In Commemoration of Lee So-seon, the "Mother of the S. Korean Working Class"
Kyunghyang Shinmun wrote the following:
The Debt We Owe Lee So-seon
Lee So-seon, mother of labor activist and martyr Chun Tae-il, died on Sep. 3. Mourners are now queuing up to pay their respects to her.
The story of Lee's intense life of justice, intensity and hardship is a highly moving one. If her son, Chun, was a patriot and comrade of our era, Lee was like a mother to Korea's labor, democracy and human liberation movements.
Lee devoted half her life converting the light that her son turned on into hope for the future. She pushed ceaselessly at the small hole her son had pierced in the pitch-black skies above Korea's workers, gradually making it wider.
She devoted herself entirely to realizing her strong desire that even the poorest of lives be lived with human dignity. Her life was one of love itself.
Chun Tae-il, who set fire to himself on November 13, 1970, left a note to his mother asking her to be sure to achieve that which he had not yet managed to do. Lee promised him, "As long as I remain alive, I will do what you intended to do."

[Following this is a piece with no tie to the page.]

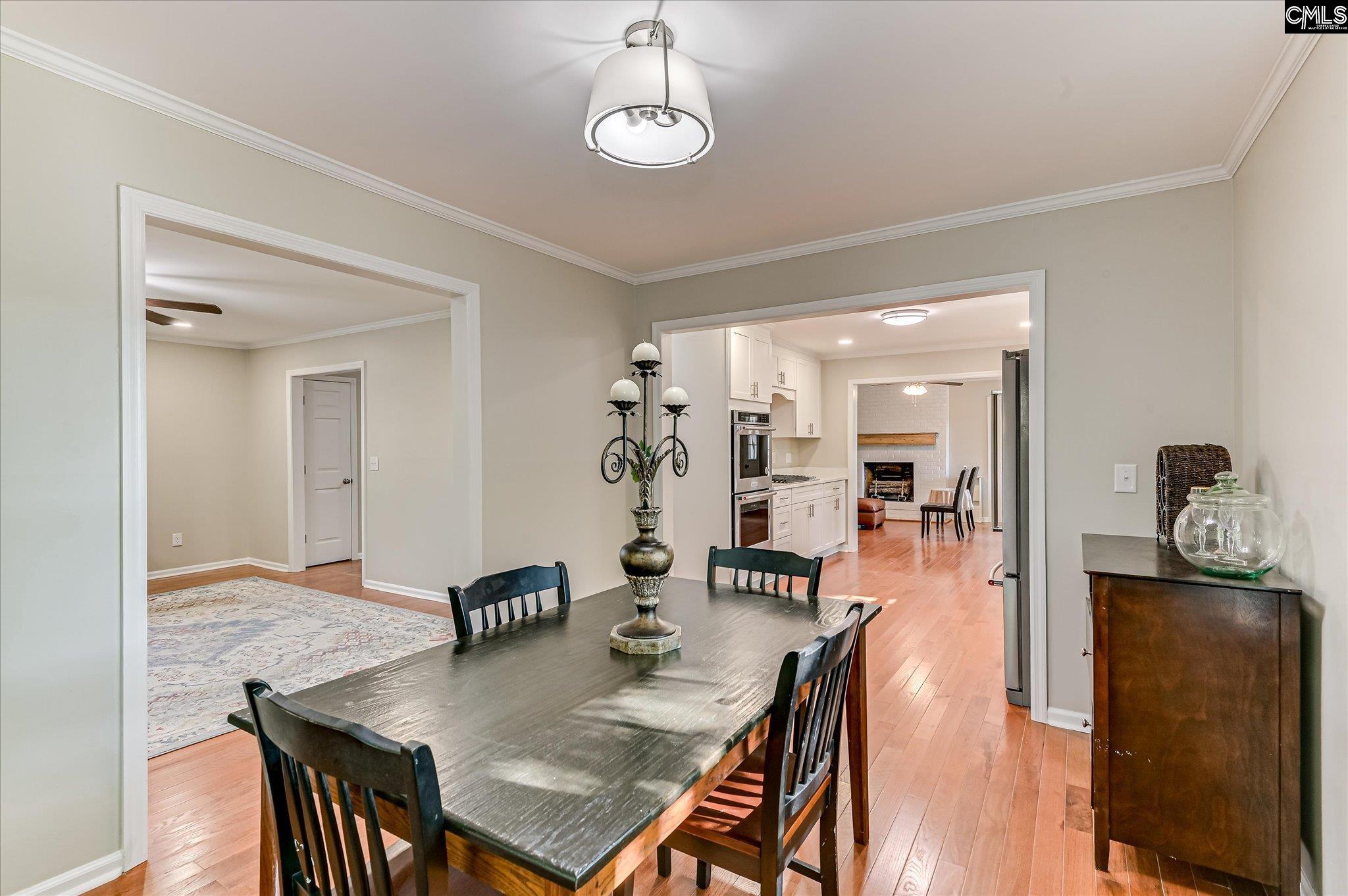847 Hillcrest Street Edgefield, SC 29824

She did not even have time to grieve over the loss of her son. Chun's will was just, and his will became that of his mother. The unjust world that had enraged her worker son enraged his mother, too.
But although Lee was determined and resolute when it came to injustice, the path she took was always a reassuring climb to the comrades that accompanied her. This is why everybody referred to her as a mother figure.

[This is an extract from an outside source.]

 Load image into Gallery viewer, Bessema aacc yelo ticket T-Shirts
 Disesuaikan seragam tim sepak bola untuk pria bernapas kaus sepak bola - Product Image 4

Lee was a symbol of solidarity. She would be present wherever there was a struggle for human dignity. Even recently, she would drag her aching body to the sites of sit-in protests.

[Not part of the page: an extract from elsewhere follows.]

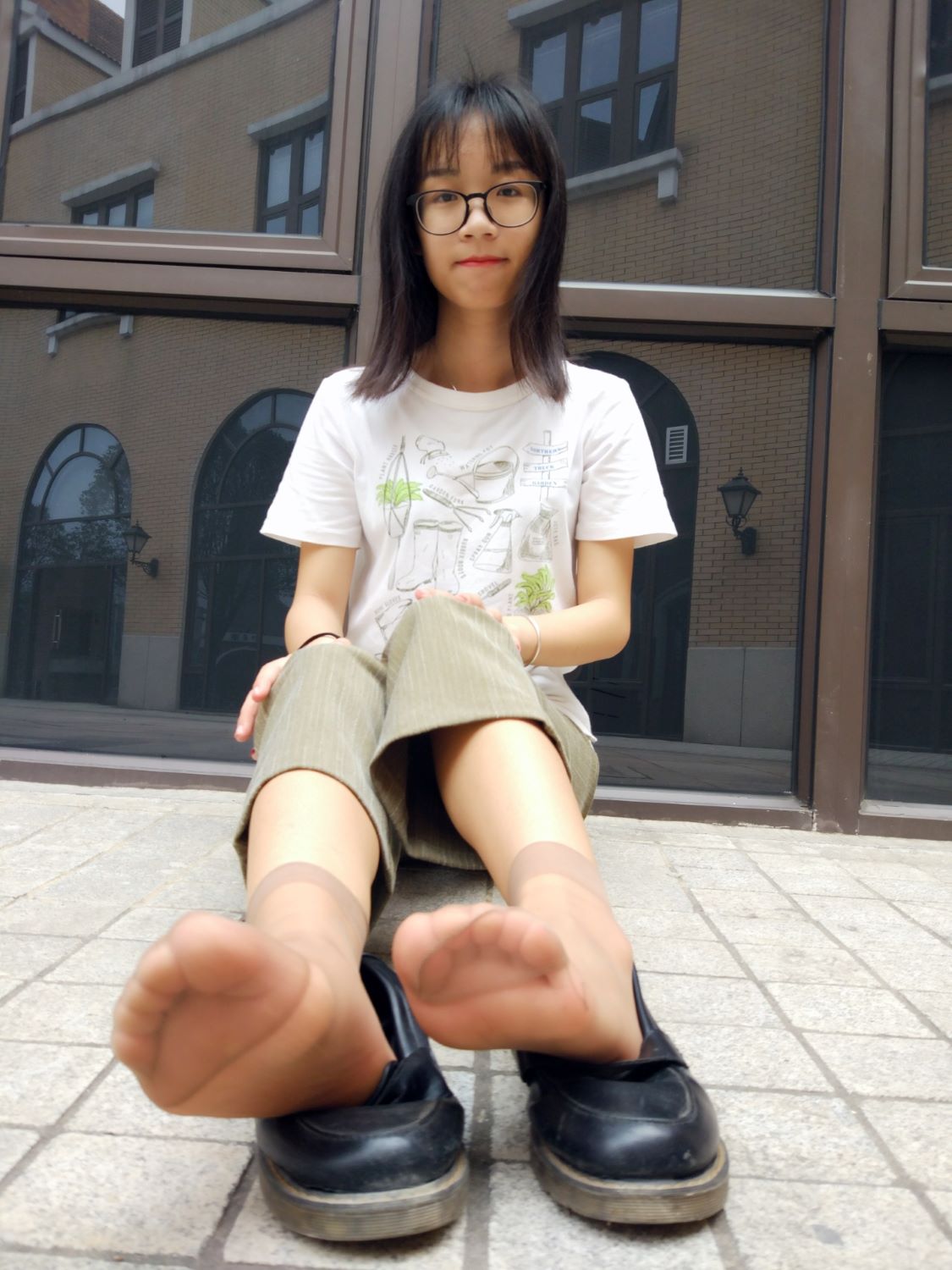 蕾蕾短丝 No.173 [60P/79MB]插图3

At the beginning of this year, she visited Hanjin Heavy Industries and Construction workers fighting against redundancy firings and stayed up all night in a tent beneath the crane of Korean Confederation of Trade Unions activist Kim Jin-suk.
In the harsh era of the 1970s and 1980s, too, Lee's virtues of solidarity and sympathy lent great strength to the survival of the democratic labor movement.
In the face of adversity greater than that of death itself, she never lost hope or became discouraged. Her life was one in which life through death cultivated hope.
Even in the midst of hardship, Lee never gave up her dream of a world without discrimination. "Workers have fallen into the river and there is nobody to hold out a hand to them," she said last year. "Part-time workers can do nothing. What are politicians doing? I really hope I see a good world before I die."
Lee, who spent 41 years as a fighter and mother to all, bearing in her heart the memory of her burned son, died in the fervent hope that labor discrimination would disappear.
Lee proved as founded the hope that the world can be changed by fighting against injustice and banding together with justice. Now it is our turn to inherit the promise that she made.